The part that is marked in bold is where the mapping function decides to detour to swiotlb_map() (in kernel/dma/swiotlb.c) because the physical address isn’t allowed by the device. Note that this call is made even if the IOMMU has been turned off (which leads to the kernel panic mentioned above), but not if the swiotlb=noforce parameter assignment has been made (setting swiotlb_force to SWIOTLB_NO_FORCE).
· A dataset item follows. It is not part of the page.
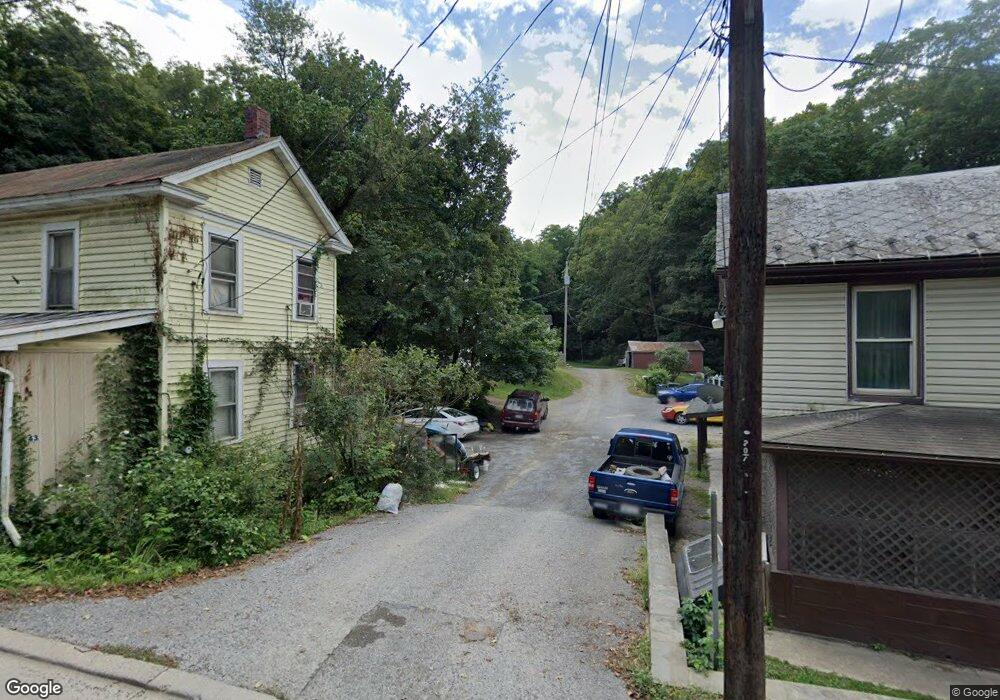 260 S Laurel Ave, Berkeley Springs, WV 25411 - photo 1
The physical address’ eligibility is checked by dma_capable(), defined in include/linux/dma-direct.h:

static inline bool dma_capable(struct device *dev, dma_addr_t addr, size_t size,
		bool is_ram)
{
	dma_addr_t end = addr + size - 1;

	if (addr == DMA_MAPPING_ERROR)
		return false;
	if (is_ram && !IS_ENABLED(CONFIG_ARCH_DMA_ADDR_T_64BIT) &&
	    min(addr, end) < phys_to_dma(dev, PFN_PHYS(min_low_pfn)))
		return false;

	return end <= min_not_zero(*dev->dma_mask, dev->bus_dma_limit);
}

@is_ram is set to true in the call by dma_direct_map_page(), and CONFIG_ARCH_DMA_ADDR_T_64BIT is true as well for a 64-bit target architecture. Hence the return value is determined by the expression

end <= min_not_zero(*dev->dma_mask, dev->bus_dma_limit)

In an anecdotal test, bus_dma_limit was zero, and hence min_not_zero() always returns dma_mask. The latter is set to 2^32-1 when the DMA mask is set to 32 bits by the driver, and 2^64-1 when it’s set to 64 bit. So this is how the DMA mask influences whether swiotlb_map() is used or not.